(Ilustración: Giovanni Tazza)
(Ilustración: Giovanni Tazza)
Santiago Roncagliolo

Hace poco más de 26 años, las ventanas de mi casa se sacudieron con estruendo, como si se hubiera estrellado un avión. Sendero Luminoso había volado un coche-bomba no muy lejos, en la calle Tarata, matando a 25 personas e hiriendo a más de 150. Al día siguiente, un amigo de mi padre tuvo que alojarse en nuestra casa, porque la suya ya no existía.

Un par de meses después, yo iba a un concierto en taxi cuando transmitieron por la radio la noticia de la captura de Abimael Guzmán. No podíamos creerlo. Estábamos tan felices que el taxista me hizo un descuento. Dos desconocidos como nosotros, seguramente diferentes en todos los aspectos, teníamos algo en común: queríamos que se detuviese esa violencia demente. Queríamos vivir en paz.

Esta semana, aniversario de la caída de Guzmán, también se dictó sentencia contra él y la cúpula senderista por el atentado de Tarata. Una nueva cadena perpetua cayó sobre los responsables del baño de sangre.

La ocasión debería recordarnos que ganamos esa guerra. Parece una perogrullada repetirlo, y sin embargo, hay voces en este país que ven a Sendero en cada manifestación, en cada evento cultural, en cada izquierdista. Lo cierto es que, a diferencia de lo ocurrido en Colombia o El Salvador, donde los insurgentes pactaron el fin de las hostilidades, Sendero fue derrotado militarmente sin paliativos, sus cabecillas encarcelados, su proyecto político proscrito del sistema. Las columnas que quedan en el Vraem se hacen llamar Sendero Luminoso por el pánico que produce su nombre, pero no son más que guachimanes de narcos. En ningún caso representan una alternativa al Estado, ni pueden movilizar hacia la violencia a habitantes de otras regiones.

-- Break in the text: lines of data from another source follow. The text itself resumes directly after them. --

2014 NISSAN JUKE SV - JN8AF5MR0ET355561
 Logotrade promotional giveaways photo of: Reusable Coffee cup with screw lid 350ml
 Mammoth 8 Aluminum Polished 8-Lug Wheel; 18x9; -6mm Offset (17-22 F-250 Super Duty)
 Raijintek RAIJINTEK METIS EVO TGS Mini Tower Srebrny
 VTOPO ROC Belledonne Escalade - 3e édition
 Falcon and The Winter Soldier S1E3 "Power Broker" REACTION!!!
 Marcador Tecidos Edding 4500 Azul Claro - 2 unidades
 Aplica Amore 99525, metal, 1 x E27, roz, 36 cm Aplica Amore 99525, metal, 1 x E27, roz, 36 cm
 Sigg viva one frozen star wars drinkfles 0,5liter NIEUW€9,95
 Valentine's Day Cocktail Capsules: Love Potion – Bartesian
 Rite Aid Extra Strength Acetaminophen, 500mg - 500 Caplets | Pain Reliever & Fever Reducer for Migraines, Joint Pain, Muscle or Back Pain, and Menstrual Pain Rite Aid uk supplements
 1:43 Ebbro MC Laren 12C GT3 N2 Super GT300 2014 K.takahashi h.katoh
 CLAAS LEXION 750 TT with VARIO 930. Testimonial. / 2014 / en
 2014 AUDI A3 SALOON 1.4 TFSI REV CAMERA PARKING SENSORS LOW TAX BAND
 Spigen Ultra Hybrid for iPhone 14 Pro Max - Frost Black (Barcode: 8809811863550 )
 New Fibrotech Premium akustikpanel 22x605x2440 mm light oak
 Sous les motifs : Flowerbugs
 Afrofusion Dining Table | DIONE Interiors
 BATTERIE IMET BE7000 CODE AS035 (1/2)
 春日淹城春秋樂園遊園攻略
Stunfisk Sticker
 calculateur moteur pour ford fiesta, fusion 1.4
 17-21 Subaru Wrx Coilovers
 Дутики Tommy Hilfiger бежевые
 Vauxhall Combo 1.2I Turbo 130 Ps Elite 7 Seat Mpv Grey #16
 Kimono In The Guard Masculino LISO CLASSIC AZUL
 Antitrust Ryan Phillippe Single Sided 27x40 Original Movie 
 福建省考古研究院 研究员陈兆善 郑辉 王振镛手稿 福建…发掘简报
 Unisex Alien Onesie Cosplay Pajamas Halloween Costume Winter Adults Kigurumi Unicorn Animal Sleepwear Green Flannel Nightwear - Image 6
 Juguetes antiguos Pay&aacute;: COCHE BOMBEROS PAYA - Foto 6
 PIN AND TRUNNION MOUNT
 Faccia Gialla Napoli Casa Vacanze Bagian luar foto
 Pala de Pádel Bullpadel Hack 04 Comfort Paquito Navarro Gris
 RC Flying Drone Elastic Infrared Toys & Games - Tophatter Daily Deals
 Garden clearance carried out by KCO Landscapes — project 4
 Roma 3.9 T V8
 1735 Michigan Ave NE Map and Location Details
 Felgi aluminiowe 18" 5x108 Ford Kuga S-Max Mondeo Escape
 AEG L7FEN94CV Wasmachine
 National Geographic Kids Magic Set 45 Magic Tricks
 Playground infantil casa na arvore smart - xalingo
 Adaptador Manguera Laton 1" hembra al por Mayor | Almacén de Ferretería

Lo otro que debemos recordar es que la guerra se ganó con el Estado de derecho, no con la brutalidad. La sentencia del caso Tarata nos recuerda las centenares de sentencias anteriores que desactivaron a Sendero Luminoso, mucho más eficientes que las torturas y las desapariciones, que solo sirvieron para darle seguidores. La caída de Guzmán se debió al fino trabajo de inteligencia, concebido por la policía precisamente por el fracaso de las palizas y los encierros a la hora de encontrar información útil. La Comisión de la Verdad encargada por la democracia, contra lo que dicen muchos de sus detractores, culpa clara e inequívocamente a la cúpula senderista por haber iniciado la guerra y desatado una violencia indiscriminada. Hoy, en el Vraem, la policía sabe que no debe caer en la provocación y atacar ciegamente a la población civil, porque eso es precisamente lo que desean los terroristas, lo que necesitan para crecer.

La batalla que nos toca hoy ya no es la del frente, sino la de la memoria. Cada vez se publican más libros y se producen películas documentales y de ficción que ayudan a las nuevas generaciones a entender lo que ocurrió. No deberíamos temer que se cuenten los testimonios, todos ellos, porque dan fe del triunfo del Estado de derecho.

Algún día, también será necesario escuchar los testimonios de los senderistas. Los peruanos merecemos una explicación de lo que hicieron y la historia está incompleta sin ellos. Pero el principal obstáculo para eso es la insoportable arrogancia de los voceros de Sendero, que siempre han mostrado el máximo desprecio por el dolor causado y la mayor indiferencia hacia sus víctimas. Si ellos mismos quieren ser reconocidos como víctimas, primero tendrán que mostrar empatía por ellas. Si pretenden ser escuchados sin odio, primero tendrán que hacer lo más sencillo, lo que el Estado Peruano sí ha hecho: pedir perdón.